Güliz Hanım muhtemelen benimle yalnız konuşmak istiyordu ama bunu alenen dile dökmekten kaçınmıştı. Sandalyemi geriye ittirerek ayağa kalktım. Birlikte lavaboların olduğu kısma gelince kapıyı kapattı. İçeride herhangi biri var mı diye kontrol ettikten sonra, "Yasemin, sen Toprak'ın dediklerine bakma. Çocuk işte. Biz sadece duruma adapte olmasını sağlamak için evde bazı değişiklikler yaptık ama o bunu henüz anlayamayacak kadar küçük. Sen kendini ne zaman hazır hissedersen o zaman. Sana istemediğin bir şeyi-"

"Bir dakika." diyerek kesitim sözünü. "Birincisi, evet Toprak bir çocuk ve dediklerini sadece gülerek dinliyorum. İkincisi, ben zaten kendime bir ev tutacağım. Sizinle birlikte aynı çatı altında yaşamak gibi bir planım yok. İlerisi ne gösterir bilemem ama şu an kesinlikle sizinle birlikte yaşamak istemiyorum."diyerek küçücük bir açık kapı bıraktım. Bu saatten sonra eksiği tamamlamak için mücadele veremezdim. Geç kalınmış bir hayatım vardı ve ben ucundan yakalayıp onu yaşayacaktım.

"Haklısın. Yine de ara sıra gelip bizimle kalmanda bir sakınca olduğunu sanmıyorum. Bunu hiç değilse Toprak için yapamaz mısın?"
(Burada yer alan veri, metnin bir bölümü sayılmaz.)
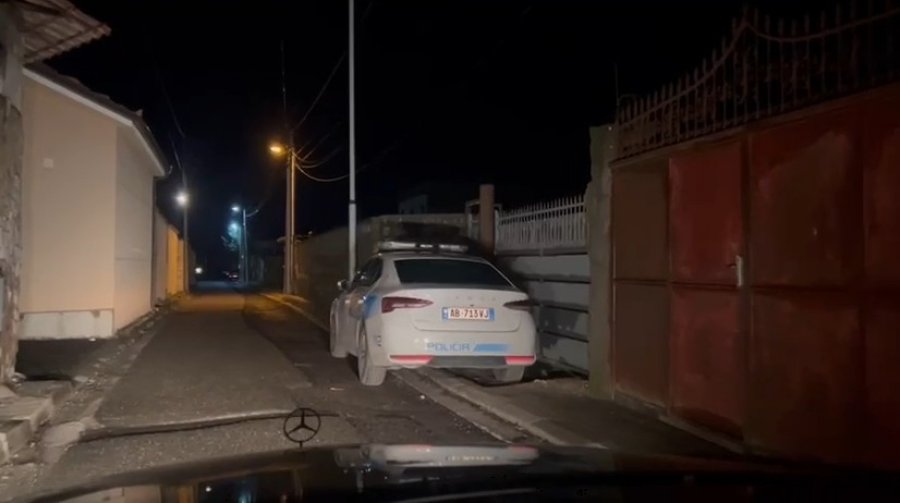 Të shtëna me armë në një banesë në Elbasan, policia në kërkim të autorit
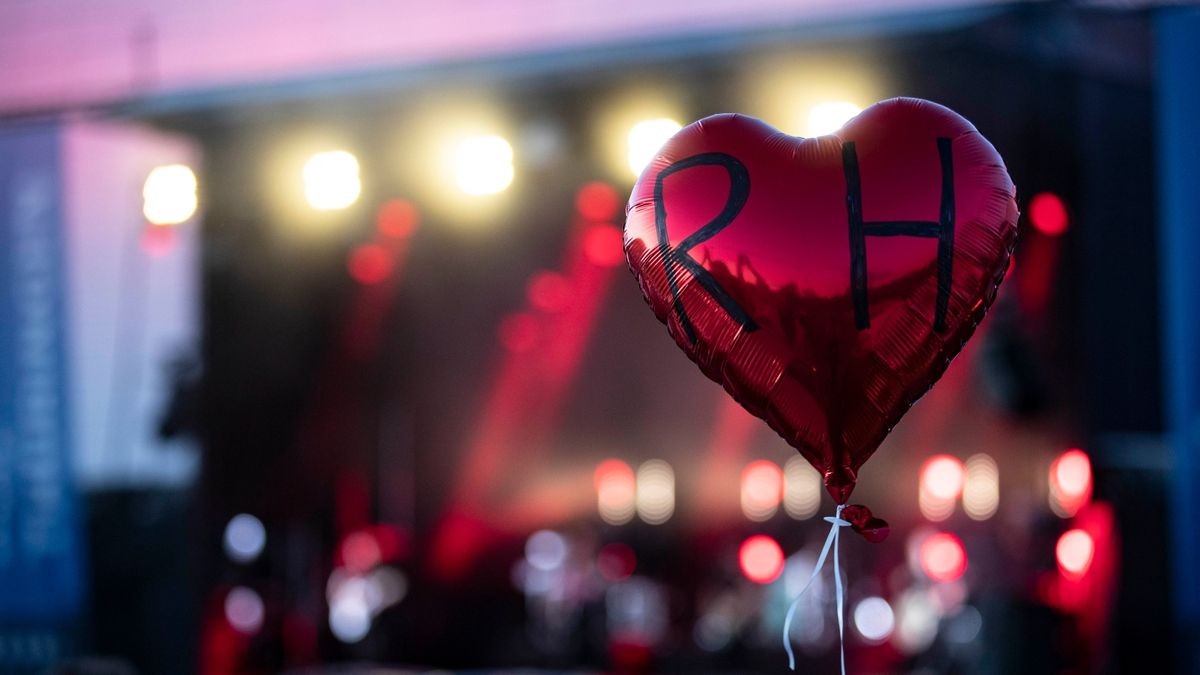 Revolverheld bringen bei bestem Wetter ihre größten Hits zum Autokonzert an der Messe in Erfurt.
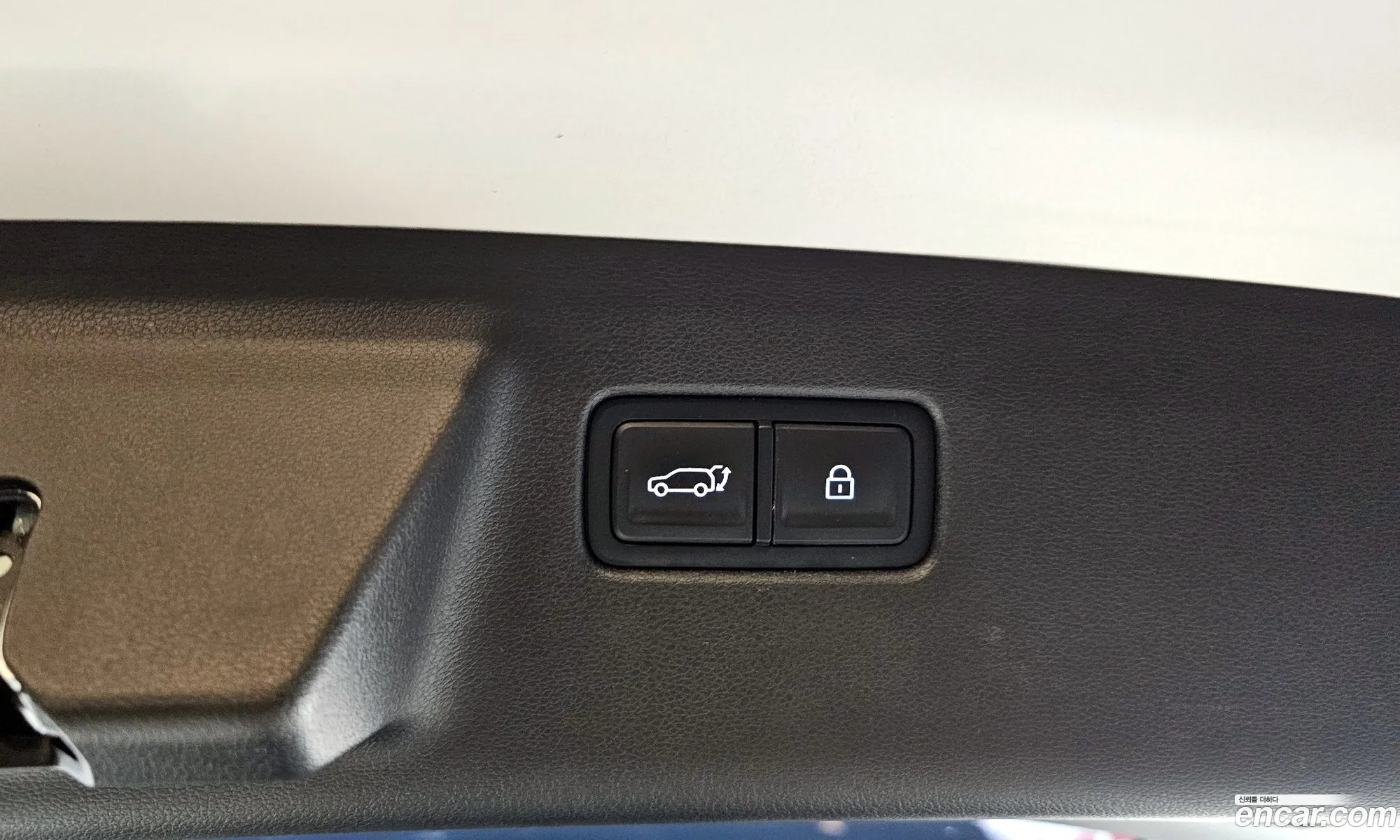 Hyundai Santa Fe 2023 — 17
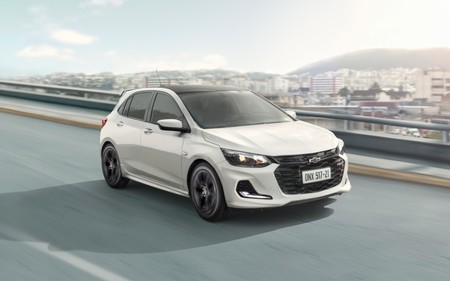 El Chevrolet Onix RS tiene apariencia de hot-hatch y motor turbo de 1.0 litro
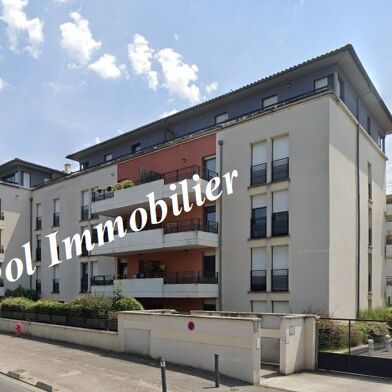 Appartement 3 pièces 745 €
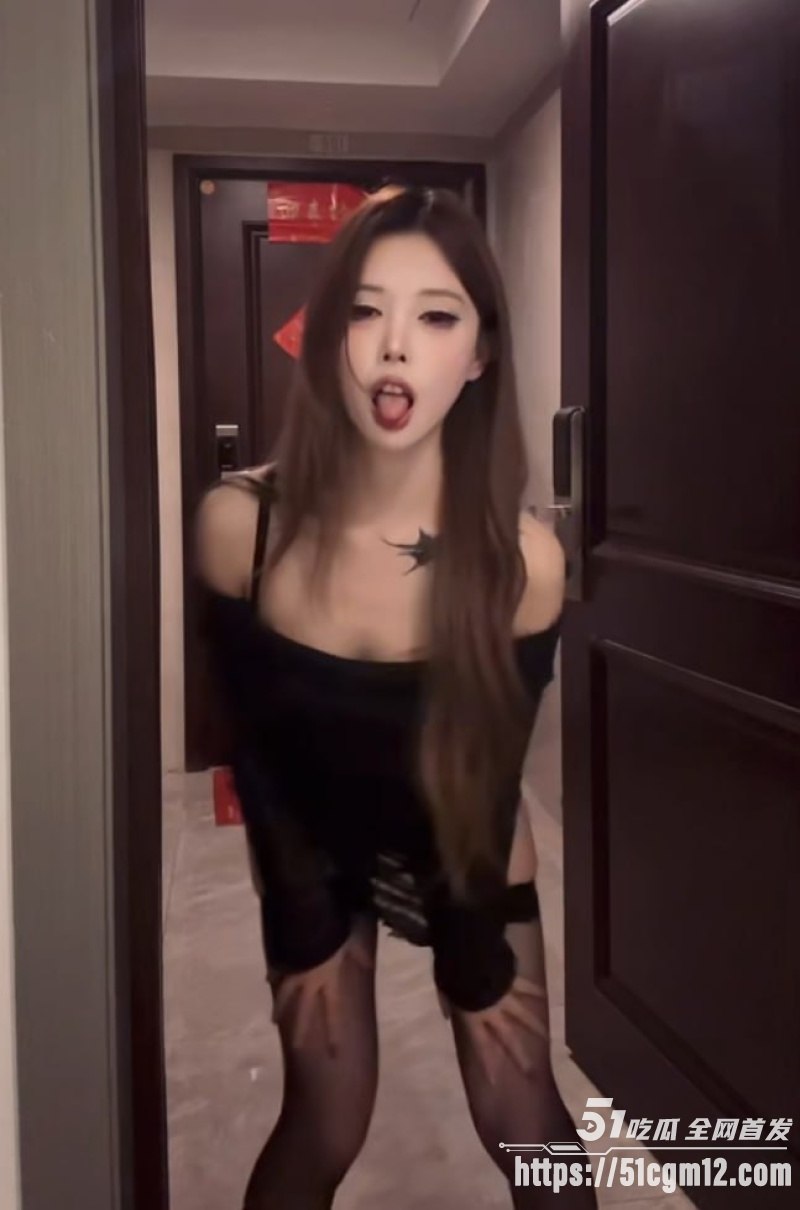 鱼鱼hutu012黑丝自慰1 鱼鱼hutu012黑丝自慰1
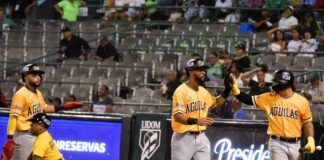 Águilas remontan y vencen a las Estrellas en reanudación de LIDOM 2025-2026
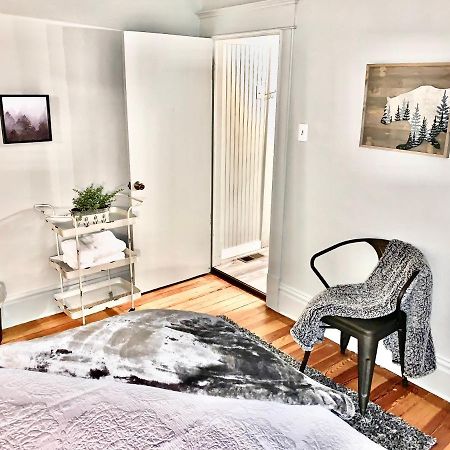 Newly Renovated Cozy Home Minutes From Broadmoor And Downtown Colorado Springs Buitenkant foto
Bakışlarımı yerdeki mermer desenli seramiklere indirdim. Ne diyeceğimi bilmiyordum. O eve gider ve bir aile olmak nasıl bir şey görürsem bir daha kendi ayaklarımın üstünde durduğum gibi duramazdım. Alışırsam, kopamazdım.

"Aslında sana söylemek istediğim başka bir şey daha var."dedi, sıkıntılı bir iç geçirmeden sonra bir müddet ipekli bluzunun düğmesiyle oyalandı.

"Yasemin, deden seninle görüşmek istiyor."

Dede?

"Benim dedem öldü Güliz Hanım..." İçime kesin Yeşilçam'ın kötü karakterlerine hayat veren Suzan Avcı kaçmıştı. Bir tek onun gibi gözlerimi kısarak kışkırtıcı bir kahkaha atmadığım kalmıştı.

"Kimden bahsettiğimi biliyorsun Yasemin. Onu henüz bende affetmedim, edebilir miyim, bilmiyorum ama yine de sen eğer görüşmeyi kabul edersen."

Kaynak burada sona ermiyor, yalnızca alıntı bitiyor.